CENTOTORRI, SFOGLIA LA RIVISTA – Vittone a Chieri: l’Orfanotrofio femminile  e la Villa Cipresso

di Antonio Mignozzetti

L’Orfanotrofio femminile (1744)

Nel 1947, lo studioso Carlo Brayda così raccontava la ricostruzione, ad opera di Bernardo Vittone,  dell’Orfanotrofio femminile di Chieri, fondato dopo la peste del 1630:“Verso il 1744 fu eretto, su progetto del Vittone, il Collegio e la Chiesa delle Orfanelle. L’Orfanotrofio, che era stato fondato dal nobile mercante chierese Giovanni Montuto nel 1639 in seguito alla peste del 1630, aveva avuto una prima sede in una casa dell’Ospedale dell’Annunziata e una modesta cappella. Il Vittone eresse l’attuale edificio a due piani, unito ad una chiesa posta d’angolo a sinistra. La costruzione è semplicissima, a mattoni in vista, e anche la chiesa non presenta caratteri speciali. Il disegno è conservato nell’archivio dell’orfanotrofio”. Al suo articolo il Brayda allega i due disegni, con tutta evidenza firmati dal Vittone, oggi scomparsi. Lo studioso sembra voler attribuire al Vittone anche la chiesa. Il che non è esatto: questa si deve a Giovanni Antonio Sevalle ed è anteriore all’intervento vittoniano. Vittone progettò un edificio a due piani fuori terra costituito  da due ali ad L. Un ampio scalone a tre rampe collega i due piani dell’edificio. Un’opera molto semplice, nella quale le esigenze pratiche hanno la meglio su quelle della fantasia. Nel Novecento è stata aggiunta una terza ala, che la trasforma in un edificio ad U.

 

La Villa “Cipresso” (1750). 

Si tratta di una villa situata nei pressi di Chieri, all’inizio della strada per Superga. Se ne ha notizia dall’inizio del Settecento, quando era una semplice cascina. Verso la metà di quel secolo la famiglia Martin la trasformò in un semplice ma elegante edificio a tre piani, fiancheggiato sulla sinistra da una cappella che forse ne sostituiva una più antica.

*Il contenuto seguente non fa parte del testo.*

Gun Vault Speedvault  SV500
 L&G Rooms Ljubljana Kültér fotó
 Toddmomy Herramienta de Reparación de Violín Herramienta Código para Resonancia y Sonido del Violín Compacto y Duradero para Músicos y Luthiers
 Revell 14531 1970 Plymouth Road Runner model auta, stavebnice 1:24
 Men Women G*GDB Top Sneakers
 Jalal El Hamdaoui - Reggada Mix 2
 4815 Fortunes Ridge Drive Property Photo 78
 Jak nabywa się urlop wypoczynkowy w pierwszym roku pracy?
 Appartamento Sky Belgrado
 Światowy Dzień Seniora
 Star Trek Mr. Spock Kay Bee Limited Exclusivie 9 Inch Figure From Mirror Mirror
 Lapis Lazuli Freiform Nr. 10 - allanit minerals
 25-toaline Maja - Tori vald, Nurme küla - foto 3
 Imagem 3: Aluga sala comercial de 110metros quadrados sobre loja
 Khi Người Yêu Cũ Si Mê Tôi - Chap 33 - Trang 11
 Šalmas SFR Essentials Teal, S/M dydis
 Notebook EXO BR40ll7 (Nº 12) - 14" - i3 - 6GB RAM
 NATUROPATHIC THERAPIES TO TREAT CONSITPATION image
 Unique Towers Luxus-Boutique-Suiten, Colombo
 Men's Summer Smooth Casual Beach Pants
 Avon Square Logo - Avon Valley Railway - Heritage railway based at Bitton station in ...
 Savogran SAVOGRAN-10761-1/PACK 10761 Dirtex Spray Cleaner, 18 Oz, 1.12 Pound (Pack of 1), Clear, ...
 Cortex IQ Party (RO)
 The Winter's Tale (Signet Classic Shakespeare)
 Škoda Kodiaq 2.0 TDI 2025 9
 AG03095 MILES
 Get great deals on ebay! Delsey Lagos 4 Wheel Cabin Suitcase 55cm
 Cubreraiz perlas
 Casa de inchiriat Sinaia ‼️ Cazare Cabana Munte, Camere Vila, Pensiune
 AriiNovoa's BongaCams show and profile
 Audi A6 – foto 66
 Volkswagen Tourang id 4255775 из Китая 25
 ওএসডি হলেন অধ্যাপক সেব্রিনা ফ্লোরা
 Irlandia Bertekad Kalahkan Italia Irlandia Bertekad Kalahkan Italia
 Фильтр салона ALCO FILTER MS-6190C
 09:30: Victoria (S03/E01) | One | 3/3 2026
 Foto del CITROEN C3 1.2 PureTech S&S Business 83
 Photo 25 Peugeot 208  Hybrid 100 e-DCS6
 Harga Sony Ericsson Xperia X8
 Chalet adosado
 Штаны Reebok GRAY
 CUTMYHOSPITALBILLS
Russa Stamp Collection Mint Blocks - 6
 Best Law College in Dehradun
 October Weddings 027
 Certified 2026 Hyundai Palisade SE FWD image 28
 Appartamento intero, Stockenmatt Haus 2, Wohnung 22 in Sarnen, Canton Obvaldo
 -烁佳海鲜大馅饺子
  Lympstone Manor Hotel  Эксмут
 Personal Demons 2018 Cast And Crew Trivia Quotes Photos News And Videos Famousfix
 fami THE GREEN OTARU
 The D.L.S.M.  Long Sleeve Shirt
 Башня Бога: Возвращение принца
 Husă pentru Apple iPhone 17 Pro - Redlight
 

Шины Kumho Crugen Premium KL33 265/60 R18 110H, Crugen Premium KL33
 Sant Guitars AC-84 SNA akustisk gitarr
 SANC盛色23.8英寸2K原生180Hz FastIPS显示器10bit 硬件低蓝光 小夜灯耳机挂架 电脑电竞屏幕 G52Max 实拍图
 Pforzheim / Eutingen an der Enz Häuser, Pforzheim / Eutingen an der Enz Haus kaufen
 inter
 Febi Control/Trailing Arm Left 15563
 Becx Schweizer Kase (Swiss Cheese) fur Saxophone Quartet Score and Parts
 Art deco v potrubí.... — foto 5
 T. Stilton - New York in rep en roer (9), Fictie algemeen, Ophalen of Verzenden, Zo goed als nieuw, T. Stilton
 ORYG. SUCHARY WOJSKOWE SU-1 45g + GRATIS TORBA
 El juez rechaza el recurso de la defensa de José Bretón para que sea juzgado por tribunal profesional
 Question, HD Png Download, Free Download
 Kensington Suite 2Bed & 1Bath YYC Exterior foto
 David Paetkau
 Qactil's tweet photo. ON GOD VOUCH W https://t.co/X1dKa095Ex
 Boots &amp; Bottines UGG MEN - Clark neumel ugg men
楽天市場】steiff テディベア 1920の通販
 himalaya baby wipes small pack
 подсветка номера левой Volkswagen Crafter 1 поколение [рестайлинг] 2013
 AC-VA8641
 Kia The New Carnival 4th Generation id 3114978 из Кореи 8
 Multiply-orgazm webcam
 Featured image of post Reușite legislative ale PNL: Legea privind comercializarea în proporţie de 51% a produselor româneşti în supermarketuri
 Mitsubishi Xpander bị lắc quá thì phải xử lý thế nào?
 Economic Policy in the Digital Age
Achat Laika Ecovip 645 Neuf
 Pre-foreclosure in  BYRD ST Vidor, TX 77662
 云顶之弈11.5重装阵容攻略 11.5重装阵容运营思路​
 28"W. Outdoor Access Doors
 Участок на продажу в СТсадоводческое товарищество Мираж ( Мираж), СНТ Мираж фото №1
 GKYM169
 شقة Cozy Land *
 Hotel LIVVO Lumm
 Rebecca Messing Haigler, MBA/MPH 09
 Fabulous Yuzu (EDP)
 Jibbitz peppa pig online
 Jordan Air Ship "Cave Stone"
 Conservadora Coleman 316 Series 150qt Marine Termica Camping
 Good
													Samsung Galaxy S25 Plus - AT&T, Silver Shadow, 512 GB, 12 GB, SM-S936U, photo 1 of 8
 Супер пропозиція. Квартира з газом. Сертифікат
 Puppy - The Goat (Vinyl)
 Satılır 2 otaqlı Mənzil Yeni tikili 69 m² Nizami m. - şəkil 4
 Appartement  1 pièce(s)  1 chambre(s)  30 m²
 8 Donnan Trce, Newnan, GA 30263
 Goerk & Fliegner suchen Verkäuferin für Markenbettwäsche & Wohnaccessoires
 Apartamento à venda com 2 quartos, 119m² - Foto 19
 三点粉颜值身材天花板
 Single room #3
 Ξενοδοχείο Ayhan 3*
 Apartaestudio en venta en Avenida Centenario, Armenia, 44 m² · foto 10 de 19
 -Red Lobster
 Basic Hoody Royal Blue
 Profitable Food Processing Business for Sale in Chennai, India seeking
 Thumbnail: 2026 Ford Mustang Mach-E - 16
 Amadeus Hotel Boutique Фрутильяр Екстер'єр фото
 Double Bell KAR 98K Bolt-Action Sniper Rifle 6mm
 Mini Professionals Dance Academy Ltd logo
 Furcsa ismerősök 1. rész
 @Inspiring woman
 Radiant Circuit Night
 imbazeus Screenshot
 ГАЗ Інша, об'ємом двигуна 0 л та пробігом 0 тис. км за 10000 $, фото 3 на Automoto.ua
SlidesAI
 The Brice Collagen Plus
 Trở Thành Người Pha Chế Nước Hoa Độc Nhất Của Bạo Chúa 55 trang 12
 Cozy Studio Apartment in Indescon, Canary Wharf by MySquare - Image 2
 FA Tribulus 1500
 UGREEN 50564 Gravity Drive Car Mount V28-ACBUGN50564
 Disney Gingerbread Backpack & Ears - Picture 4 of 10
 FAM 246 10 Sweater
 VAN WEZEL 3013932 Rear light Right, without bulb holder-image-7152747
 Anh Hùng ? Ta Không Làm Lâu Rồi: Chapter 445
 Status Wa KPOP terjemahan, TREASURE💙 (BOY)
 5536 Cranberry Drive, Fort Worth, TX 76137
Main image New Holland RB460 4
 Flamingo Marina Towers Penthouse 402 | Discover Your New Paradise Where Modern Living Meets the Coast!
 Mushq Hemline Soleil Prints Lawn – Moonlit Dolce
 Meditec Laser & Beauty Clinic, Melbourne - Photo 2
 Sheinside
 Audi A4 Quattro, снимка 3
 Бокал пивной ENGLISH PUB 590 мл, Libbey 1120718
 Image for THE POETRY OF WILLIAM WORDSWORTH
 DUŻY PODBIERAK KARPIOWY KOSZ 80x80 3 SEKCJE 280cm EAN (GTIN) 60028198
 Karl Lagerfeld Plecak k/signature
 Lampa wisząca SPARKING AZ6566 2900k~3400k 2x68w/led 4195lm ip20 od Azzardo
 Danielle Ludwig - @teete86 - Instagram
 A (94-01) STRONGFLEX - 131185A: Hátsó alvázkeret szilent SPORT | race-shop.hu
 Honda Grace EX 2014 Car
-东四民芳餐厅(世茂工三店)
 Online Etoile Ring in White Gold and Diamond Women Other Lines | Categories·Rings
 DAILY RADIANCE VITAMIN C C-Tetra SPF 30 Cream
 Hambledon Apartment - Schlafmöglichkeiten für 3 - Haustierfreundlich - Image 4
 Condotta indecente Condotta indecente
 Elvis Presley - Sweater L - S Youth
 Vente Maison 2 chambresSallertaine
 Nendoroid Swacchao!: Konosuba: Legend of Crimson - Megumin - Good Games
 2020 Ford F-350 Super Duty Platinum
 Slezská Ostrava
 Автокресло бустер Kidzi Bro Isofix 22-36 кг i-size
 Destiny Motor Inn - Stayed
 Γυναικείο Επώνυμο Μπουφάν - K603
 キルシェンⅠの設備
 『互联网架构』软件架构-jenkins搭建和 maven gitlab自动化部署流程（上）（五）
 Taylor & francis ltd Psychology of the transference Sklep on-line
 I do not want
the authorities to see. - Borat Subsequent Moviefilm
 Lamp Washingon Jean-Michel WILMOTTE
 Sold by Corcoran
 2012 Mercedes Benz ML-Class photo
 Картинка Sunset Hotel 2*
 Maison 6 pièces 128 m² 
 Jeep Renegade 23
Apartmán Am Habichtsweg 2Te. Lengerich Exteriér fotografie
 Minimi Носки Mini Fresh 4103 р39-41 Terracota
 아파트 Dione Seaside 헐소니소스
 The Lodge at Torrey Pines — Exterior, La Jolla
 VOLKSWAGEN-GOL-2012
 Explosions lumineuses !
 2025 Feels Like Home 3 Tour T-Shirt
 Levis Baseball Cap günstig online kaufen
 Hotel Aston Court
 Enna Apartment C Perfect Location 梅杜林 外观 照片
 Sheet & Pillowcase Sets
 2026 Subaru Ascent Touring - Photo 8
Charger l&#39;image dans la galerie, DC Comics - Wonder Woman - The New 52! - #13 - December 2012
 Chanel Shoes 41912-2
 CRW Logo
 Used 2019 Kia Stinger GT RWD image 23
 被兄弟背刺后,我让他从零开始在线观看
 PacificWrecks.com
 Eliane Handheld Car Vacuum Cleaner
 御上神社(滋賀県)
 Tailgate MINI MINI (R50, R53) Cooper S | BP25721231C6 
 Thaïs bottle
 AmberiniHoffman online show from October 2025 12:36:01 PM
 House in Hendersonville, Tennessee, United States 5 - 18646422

Non ci sono pervenuti documenti dai quali si possa con certezza risalire alla data esatta di costruzione e al nome dell’autore, o degli autori, anche se è opinione comune che almeno la cappella sia da attribuire a Bernardo Vittone. Si tratta di un piccolo ambiente a pianta circolare, diviso  in quattro settori da lesene. Su queste impostano altrettanti archi che incorniciano il presbiterio con l’unico altare, l’ingresso e due nicchie. Sugli archi insiste la cupola divisa in quattro spicchi da costoloni e culminante con la lanterna. Il piccolo ambiente è impreziosito dalla luce che entra abbondante dalle numerose aperture e grazie agli stucchi delle cornici, della volta e dei capitelli.  La facciata, convessa e incorniciata da lesene, culmina in un timpano spezzato. Il portale d’ingresso è decorato da una cornice in stucco e sormontato da un grande oculo che invade parte del timpano. In secondo piano, dietro la facciata, compare il tamburo che incorpora la cupola e dal quale emerge la lanterna.

Al  Vittone Guido Vanetti attribuisce anche la villa: “Alla morte di Pietro Enrico (Martin, ndr), avvenuta nel 1753, la villa fu ereditata dal figlio primogenito, Melchiorre, che la trasformò radicalmente, avvalendosi dell’opera di Bernardo Vittone. Risalgono a questa fase il corpo centrale a tre piani, la cappella (collegata al primo da un portico), il parco e i quattro cancelli d’ingresso…”. Prima di lui anche Eugenio Olivero (1920) era stato della stessa opinione.

Nell’Ottocento il conte Francesco Saverio Morelli, che ne era diventato proprietario, diede alla villa l’aspetto odierno: aggiunse le due ali laterali, la torretta che sovrasta il corpo centrale e, per ragioni di simmetria, il padiglione di destra, detto “Turco”, dalla forma simile a quella della cappella. Oggi la villa è trasformata in condominio.